Last week saw several developments in the oil market that should have raised prices — yet it ended with bearish sentiment, with Brent easing to $62.10 per barrel, and WTI falling to $52.72.
The signals for the rest of the first quarter of 2019 are, however, on the upside. The market is extremely tight — especially in medium and heavy crude grades. If that continues, the global market will face a huge supply shortage, exceeding the conditions that drove oil prices above $86 last year.
There are several factors behind this.
According to a S&P Global Platts survey, OPEC production in January was at its lowest level since March 2015. Crude output plunged to 30.86 million barrels per day (bpd), a fall of 970,000 bpd from December, as new supply quotas went into force on Jan. 1.
On top of that, a potential return of supply from Libya has not yet materialized in the market — with ongoing unrest at the El Sharara oilfield, the country’s largest, further restricting supply.
Strong imports from China are also deepening market tightness, with total crude imports at 10.4 million bpd, up around 2.3 million bpd from last year. This a bullish development. China crude oil imports are still rising, and never slowed down despite the trade despite with the US.
This means that the oil-price deterioration due to a global economic slowdown, as predicted by some, is completely wrong.
The US sanctions on Venezuelan oil exports are also impacting the market. Venezuelan oil production had already experienced problems prior to the sanctions, given the deterioration of infrastructure and internal labor problems.

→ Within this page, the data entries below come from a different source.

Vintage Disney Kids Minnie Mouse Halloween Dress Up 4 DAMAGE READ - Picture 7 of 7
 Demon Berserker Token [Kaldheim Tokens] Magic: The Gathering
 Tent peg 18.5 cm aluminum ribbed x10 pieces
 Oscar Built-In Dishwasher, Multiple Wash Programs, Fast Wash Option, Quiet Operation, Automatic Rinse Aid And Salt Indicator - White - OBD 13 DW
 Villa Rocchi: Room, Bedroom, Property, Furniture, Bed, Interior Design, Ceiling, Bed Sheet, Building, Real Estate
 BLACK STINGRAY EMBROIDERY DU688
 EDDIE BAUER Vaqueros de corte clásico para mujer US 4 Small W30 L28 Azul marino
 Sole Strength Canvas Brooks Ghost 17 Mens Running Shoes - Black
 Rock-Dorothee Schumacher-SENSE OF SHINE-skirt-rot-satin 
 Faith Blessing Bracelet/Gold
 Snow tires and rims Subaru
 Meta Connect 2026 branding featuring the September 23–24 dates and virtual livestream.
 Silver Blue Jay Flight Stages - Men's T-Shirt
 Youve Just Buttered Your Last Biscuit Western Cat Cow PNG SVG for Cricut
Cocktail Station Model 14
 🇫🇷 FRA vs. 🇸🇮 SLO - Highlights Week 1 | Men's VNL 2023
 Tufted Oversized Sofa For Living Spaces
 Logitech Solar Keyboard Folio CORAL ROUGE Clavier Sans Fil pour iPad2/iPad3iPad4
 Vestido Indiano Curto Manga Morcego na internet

S&P Global Platts expects oil output to further fall to below 800,000 bpd by the end of February.
Counter to all this is that US producers continue to put more oil on the market, with output at a record 11.9 million bpd lately, with exports reaching 2.8 million bpd, the fourth-highest number on record.
Yet given all the other factors at play, it is intuitive that the tightness in the market will transform into shortage before the end of the first quarter of 2019 — and that will boost prices.